Companies such as Google, BMW, and Honda are just a few that may be competing
for buyers when that time comes. Each has been developing autonomous driving
automobile technologies that we hope will make U.S. roadways safer. The
idea is that by removing human error from the equation and introducing
more technological advancements, fewer crashes will occur. It may also
cut down on the number of drunk or distracted driving wrecks if the safety
claims are correct.
The first company believed to have started investigating and testing self-driving
vehicles is Google. The company’s autonomous vehicles have been
tested on roadways in certain states for years. Recently, Google agreed
to team up with Fiat Chrysler to develop self-driving minivans. This is
said to be the first instance in which Google has been willing to work
with an auto manufacturer directly. Google’s driving technology
will be installed on Pacifica model minivans and tested for safety.
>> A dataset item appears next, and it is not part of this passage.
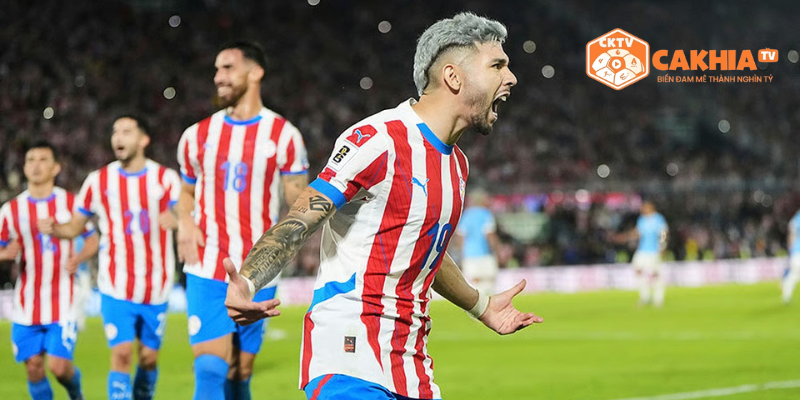 Paraguay sẽ trông chờ phản công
Honda Motor Company previewed an autonomous prototype in late May in an
effort to alert consumers to their ability to compete with the many self-driving
models being developed by other manufacturers and brands. The first step
towards fully autonomous vehicles has been for Honda to implement partial-autonomous
functionality in multiple models. These features include lane-departure
and forward-collision warnings in Civics and Acuras. These steps are said
to have a purpose of prepping consumers for the next big thing: self-driving
BMW is another company that has dedicated an entire division to self-driving
vehicle development. The “i” division is dedicated to providing
a vehicle that not only drives itself, but is electric and safer for the
environment as well. The company is rumored to have plans of starting
a ride-hailing company if fully autonomous vehicles hit the roads. This
would provide much lower overhead due to not paying drivers.
At Jones & Swanson, we keep up with the latest automotive trends and
developments because they may one day affect
Georgia roadway safety. Whether for the better or worse, we like to know what possibilities lie ahead.